Right now, we can all use more things in our lives that restore our faith in humanity and remind us that it doesn’t take anything special to be the best version of ourselves. I humbly suggest that you watch “The Elephant Man,” a classic David Lynch movie which I finally watched over the weekend.

Today, director David Lynch has a long string of credits. But long before “Twin Peaks,” before “Blue Velvet,” even before “Dune,” there was “The Elephant Man,” which was released in1980. In stark black and white, just as Roger Corman used in many of his films, the movie captivates and repels the audience in turn. But our attention is rewarded by small moments of revelation about what it really means to be human.

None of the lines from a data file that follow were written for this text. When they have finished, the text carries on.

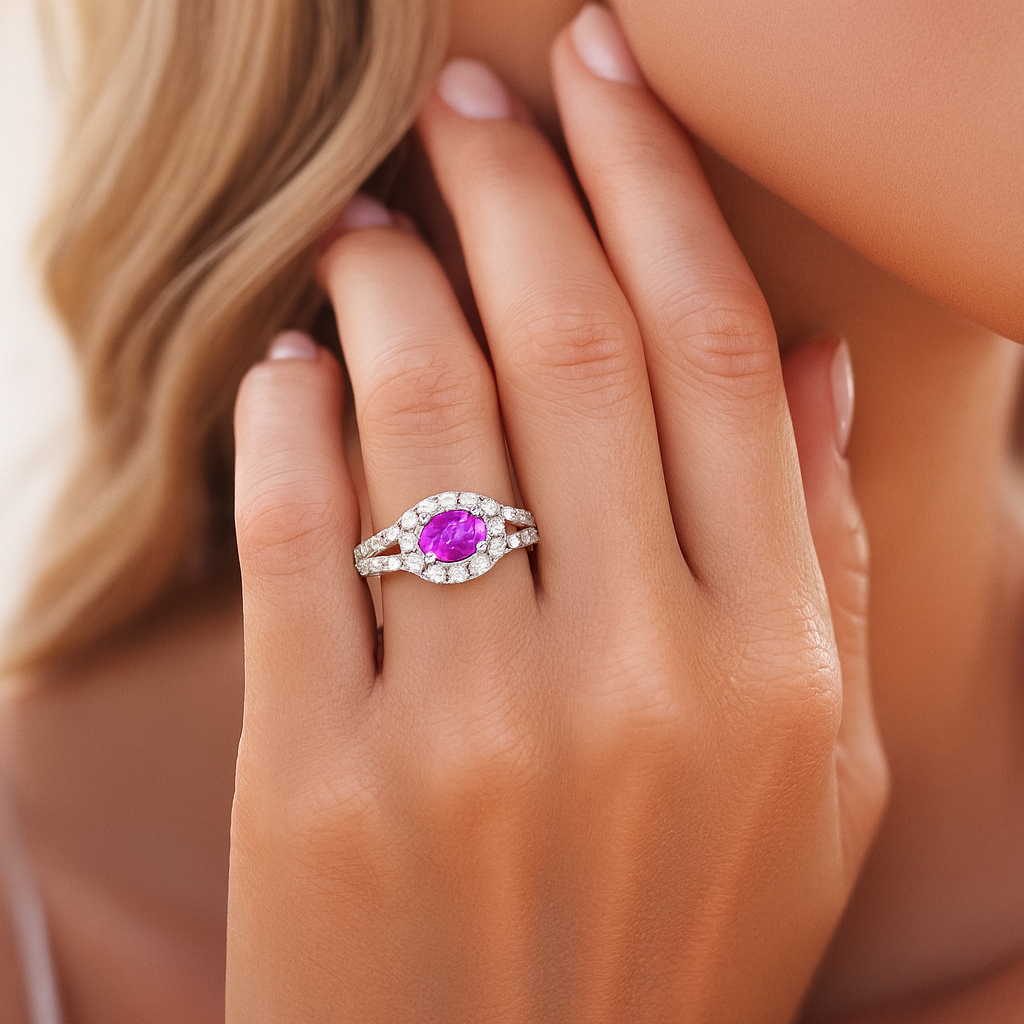 14K White Gold Pink Sapphire Ring, 0.41ct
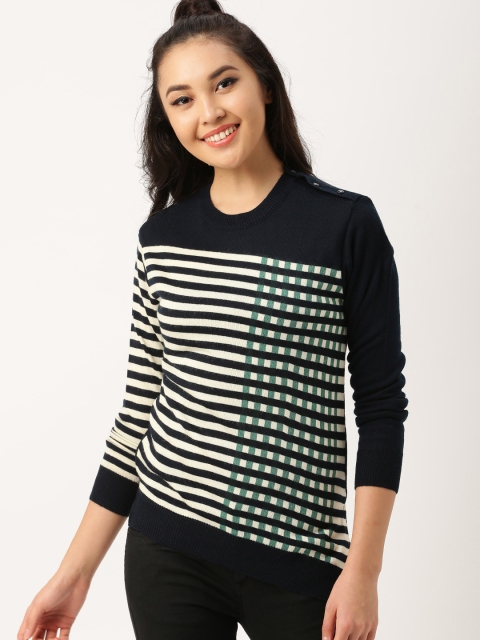 

DressBerry Women Navy & Off-White Striped Pullover, Navy blue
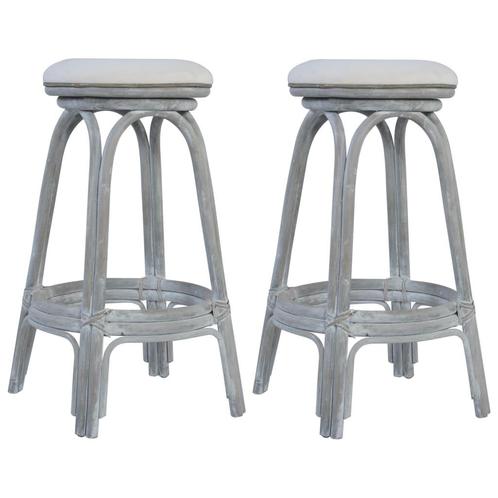 Barkrukken rattan grijs 2 stuks Op=Op!, Huis en Inrichting, Barkrukken, Nieuw, 60 tot 90 cm, Riet, 2 krukken, Met voetsteun, Ophalen of Verzenden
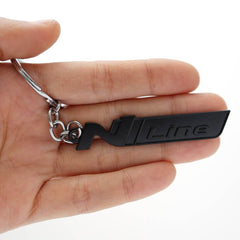 Black N Line 3D Logo Emblem Metal Keychain For Bikes And Cars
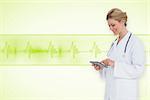 Blonde doctor using tablet pc against medical background with green ecg line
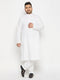 Vastramay Men's Plus Size White Cotton Blend Kurta And Cotton Pant Style Pyjama Set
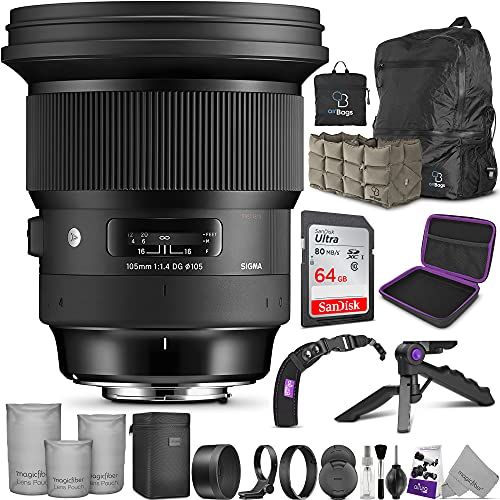  Sigma 105mm f/1.4 DG HSM Art Lens for Sony E with Altura Photo Advanced Accessory and Travel Bundle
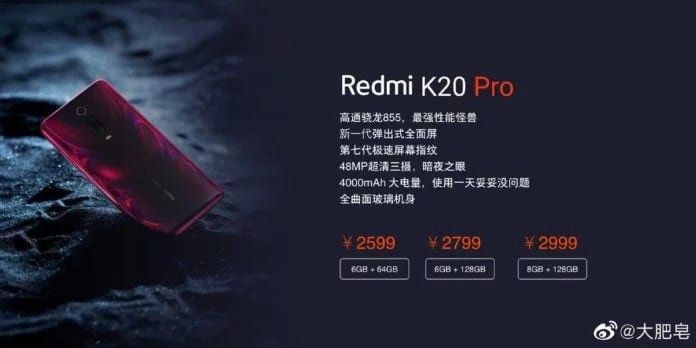 Vazam os preços do Redmi K20 Pro 3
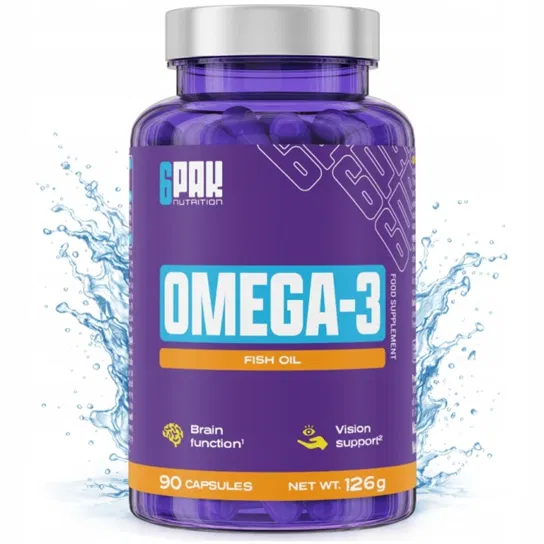 Omega 3 Olej Rybi + Witamina E Serce Wzrok Mózg Epa Dha Tran Z Ryb Odporność 6PAK NUTRITION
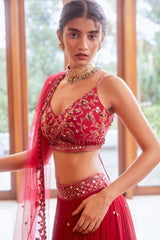 Meher in  Fuchsia Three Tiered Lehenga with Blouse and Dupatta Set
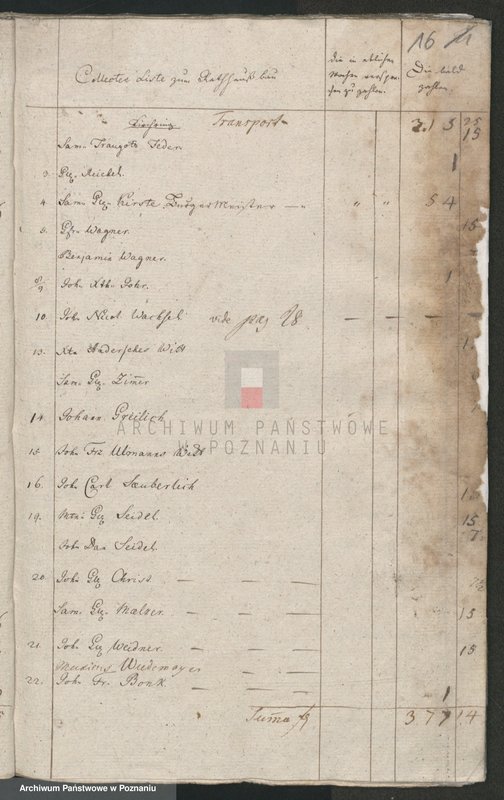 Obraz 18 z jednostki "1. Collectenliste in Morgen - und Abendteil (zum Rathausbau), 2. Collectenliste im Mittag - Mitternachtsteil (zum Rathausbau); język niemiecki"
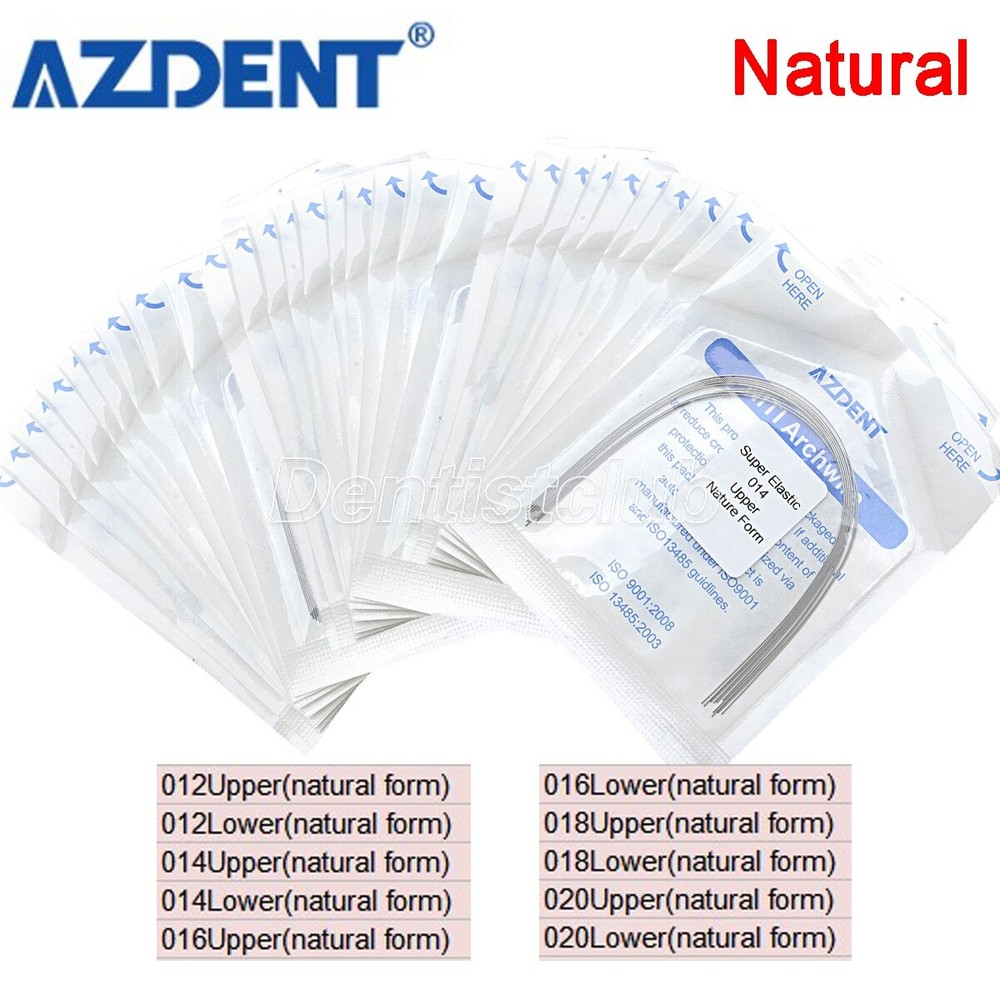 5Pack AZDENT Dental Orthodontic Super Elastic Niti Round Arch Wires Nature Form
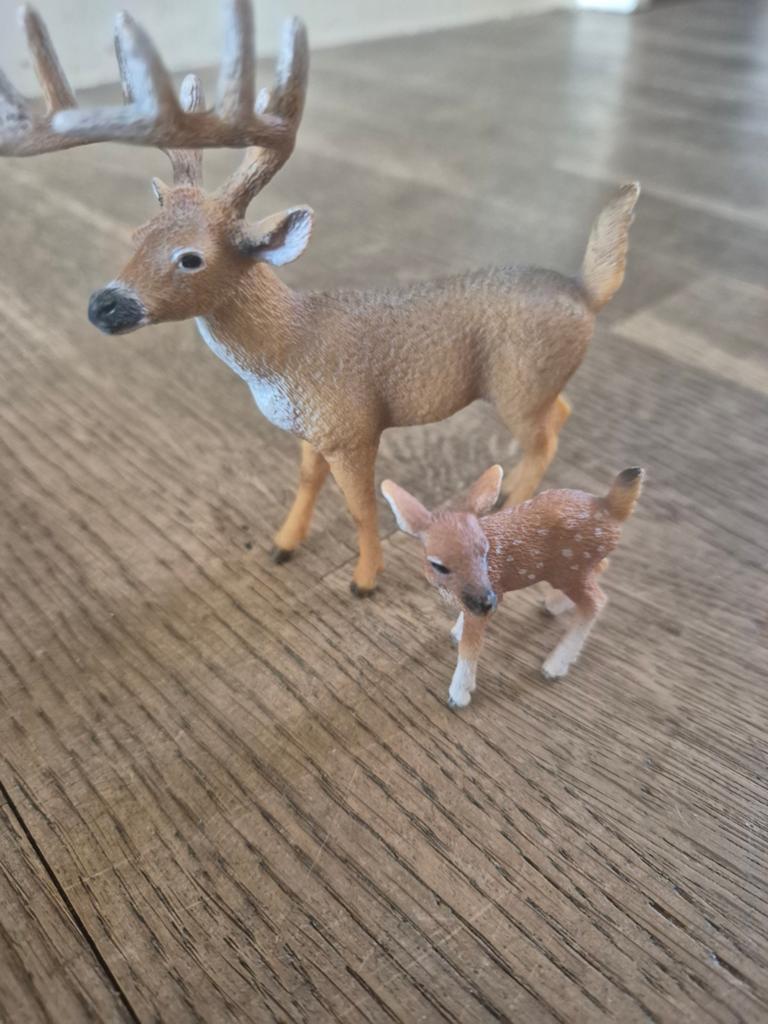 Schleich Hert met Kalfje, Verzamelen, Dierenverzamelingen, Ophalen of Verzenden, Zo goed als nieuw, Hert, Beeldje of Figuurtje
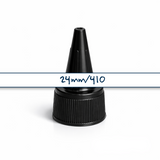 24 mm black spout cap for plastic bottles and pouches, ideal for dispensing liquid cosmetic and personal care products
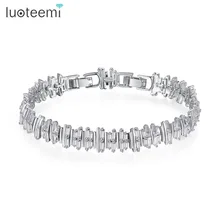 LUOTEEMI, дизайн, браслет для женщин, элегантные, вечерние, блестящие, CZ, Pulseras Mujer, роскошный, квадратный, CZ, серебряный цвет, Рождественский подарок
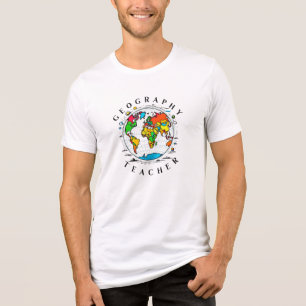 Geografie Leraar tekst met kleurrijke Wereldbol Gr Tri-Blend Shirt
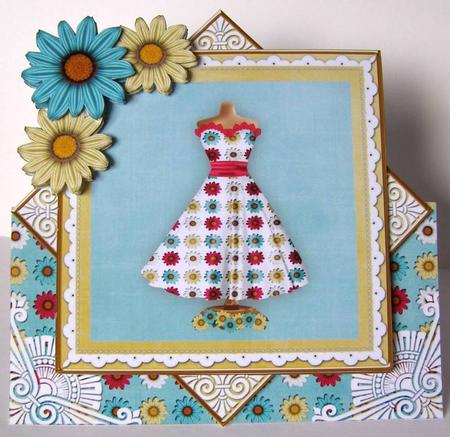 Teal Daisy Dress Diamond Mini Card Kit by Margaret McCartney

Now, I can almost hear some of you saying, “But, Becca, the movies and TV shows Lynch makes are too weird/violent/abstract/artsy.” Put those predjudices out of your mind right now. Up to now, my favorite movie from the maestro was “Wild At Heart,” which definitely has some sequences that could fall into several of those categories, with an appearance by Glenda the Good Witch from “The Wizard Of Oz” and some of the most twisted characters you’ll ever meet on the silver screen.

“The Elephant Man,” though, might knock that movie off the top spot. Its heart is beautiful, and it makes you fall in love with it by its simplicity. And it might be the most linear, straightforward plot of any movie Lynch has created.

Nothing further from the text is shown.